As an attache at Vienna, at Rome, and at the Porte I had worked under Ambassadors of various moods, but by this feeling of friendliness which the Marquess had extended towards me, I had, in my duties, always felt that I was serving the great statesman personally, and not merely the particular chief which for the time I chanced to be under. Undoubtedly the secret of the success of the Macclesfield Ministry in the management of foreign affairs was in great measure due to the amicability of his lordship towards the staff.

"I cannot disguise from myself that this duty is extremely difficult," he went on, leaning back in his chair after a pause, and glancing around the fine room, with its life-sized portrait of her Majesty upon the green painted wall. "Nevertheless, secret services must sometimes be performed, and I have sufficient confidence in your diplomatic instinct to know that you will never act rashly, nor display any ill-advised zeal. The secret of England's greatness is her smart diplomacy, and in this affair you have, Crawford, every chance of distinction."

"You may rely upon me to do my very best to fulfil this important appointment to your satisfaction," I replied. "I shall act with care and discretion."

"And to you is due our peace with honour," I remarked.

"Act with that caution combined with dignity, as though you were directly serving her Majesty herself. Remember, I am only her servant."

"No, no," he laughed deprecatingly. "True, I am the figure-head, but it is men such as you who man the ship. No Secretary has been more fortunate in his staff than I am to-day, for I am vain enough to think that although they are scattered in all quarters of the globe, yet a cordiality exists among them which is quite as strong as their patriotism. I am proud to think that in all our Embassies and Ministries we have no traitor."

"The esprit de corps has been engendered by your lordship's personal interest in us, one and all," I remarked. "It was not so during the late Ministry."

He merely raised his grey eyebrows, and tapped the edge of the table with the quill in his thin bony hand. I know that I had made a mistake in uttering that sentence, for he did not like ill things said of his political opponents.

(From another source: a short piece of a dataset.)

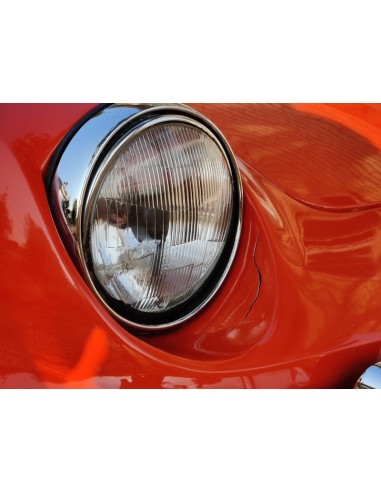 SEAT 850 Sport Spider en venta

"Ten years ago, Crawford," he exclaimed, after a few moments' reflection, "it is just ten years ago this month if my memory serves me aright, when, in this very room I first made your acquaintance—you, the son of one of our most trusted and valued man who had ever served his Queen at a foreign Court, followed your father's footsteps, and entered the Foreign Office. You remember the advice and maxims I then gave you. That you have remembered them is evidenced by the discretion and ingenuity you have displayed in the various posts you have occupied. I only ask you still to recollect them while performing the difficult and important duties before you; duties in which I wish you every success and good fortune."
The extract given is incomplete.